• HOW TO COMPLETE THIS TASK
Using the listing below, retype only the lines from the line with "New 2025 Subaru Outback Wilderness image 6" through the end, both ends included, and exclude the pictures.
───── AVAILABLE DATA ─────
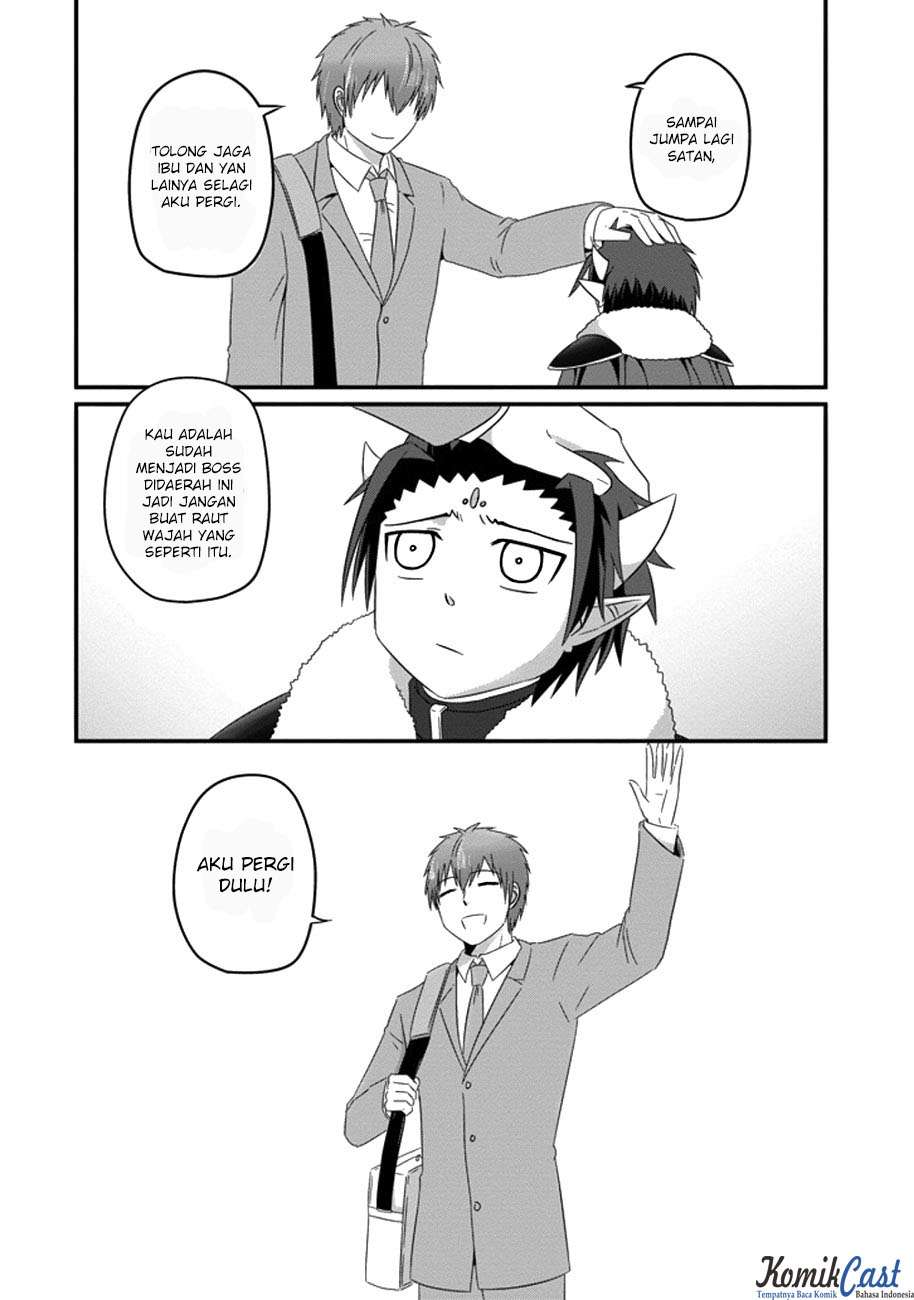 Chapter 32 - halaman 5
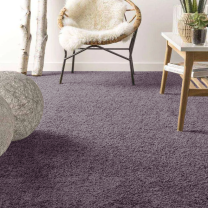 Ковролин Condor Minotti (Минотти) 750 .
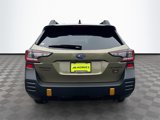 New 2025 Subaru Outback Wilderness image 6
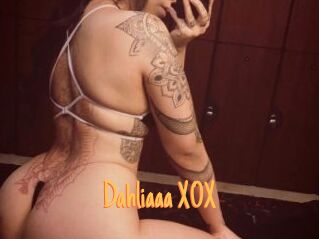 Dahliaaa_XOX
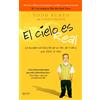 Zenith El cielo es real : la asombrosa historia de un niño de 4 años que visitó el cielo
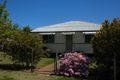 Property photo of 3 Gore Street Warwick QLD 4370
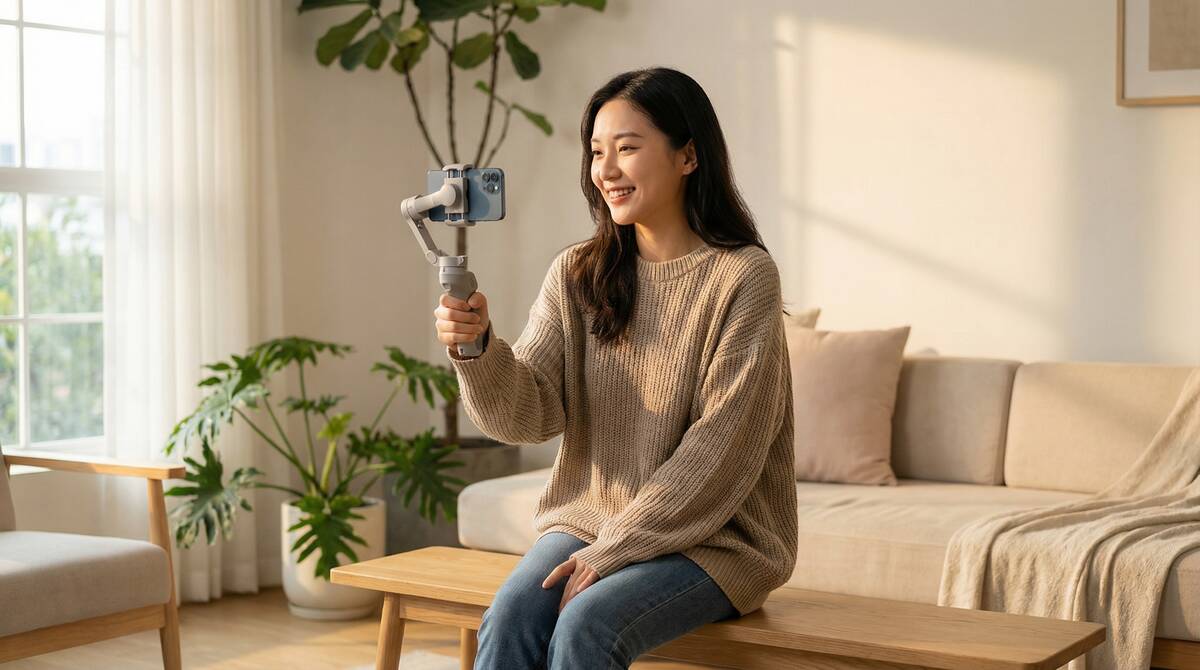 国产视频生活视频分享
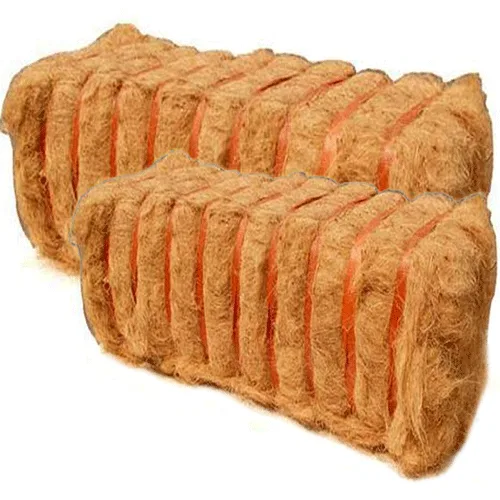 Coconut coir pith in australia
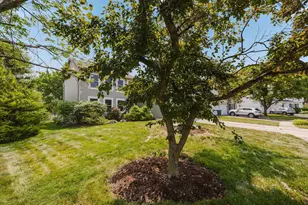 5665 Converse Ct, Hilliard, OH 43026 - Photo 44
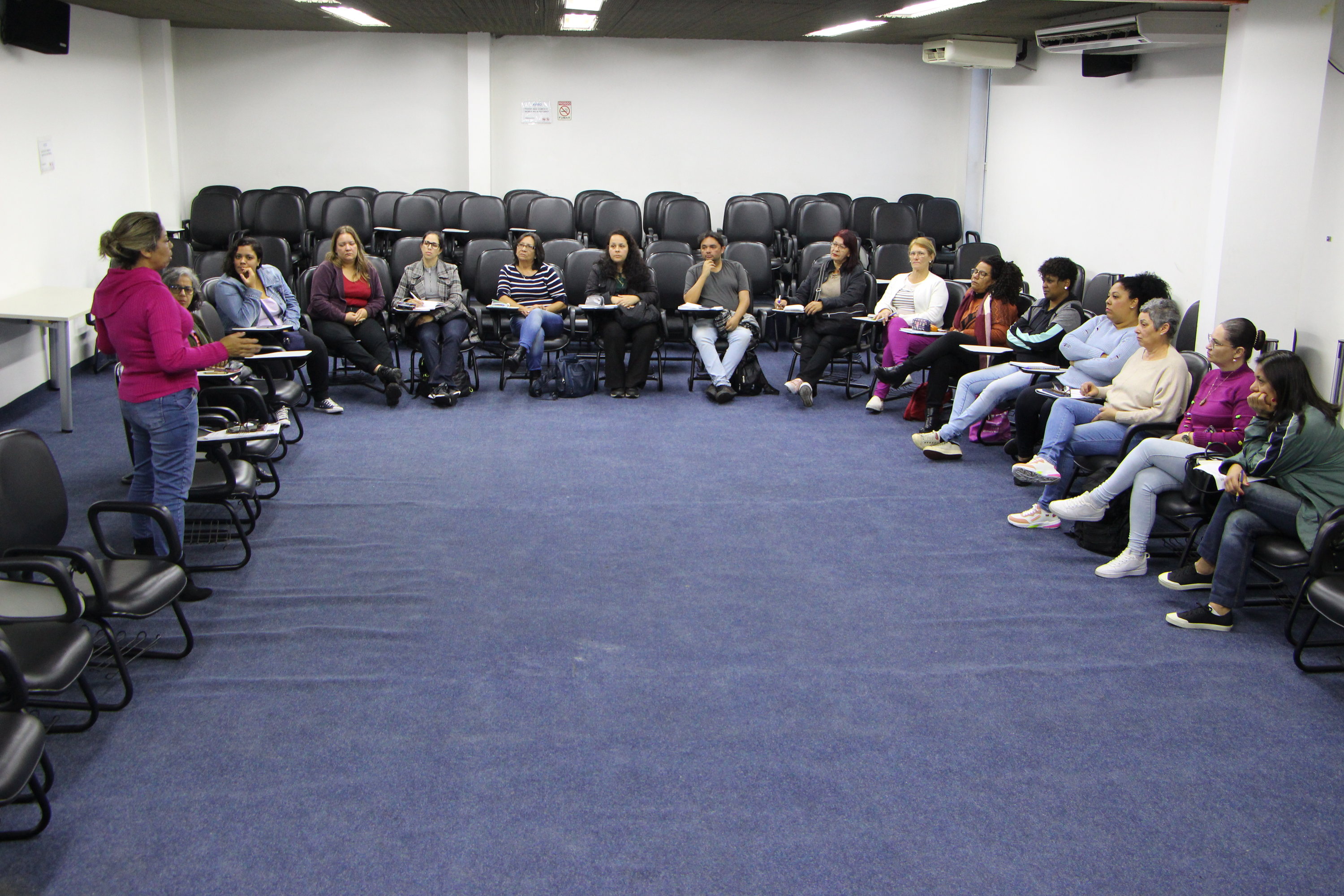 Fotos: Divulgação/Consórcio ABC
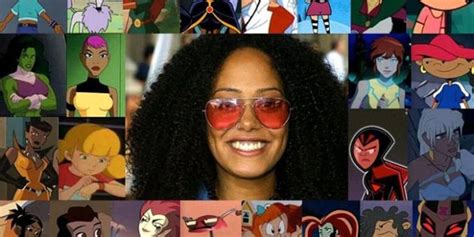 celebrating black cartoon voice actors media chomp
─────
• WRITTEN SOLUTION
 New 2025 Subaru Outback Wilderness image 6
 Dahliaaa_XOX
 Zenith El cielo es real : la asombrosa historia de un niño de 4 años que visitó el cielo
 Property photo of 3 Gore Street Warwick QLD 4370
 国产视频生活视频分享
 Coconut coir pith in australia
 5665 Converse Ct, Hilliard, OH 43026 - Photo 44
 Fotos: Divulgação/Consórcio ABC
 celebrating black cartoon voice actors media chomp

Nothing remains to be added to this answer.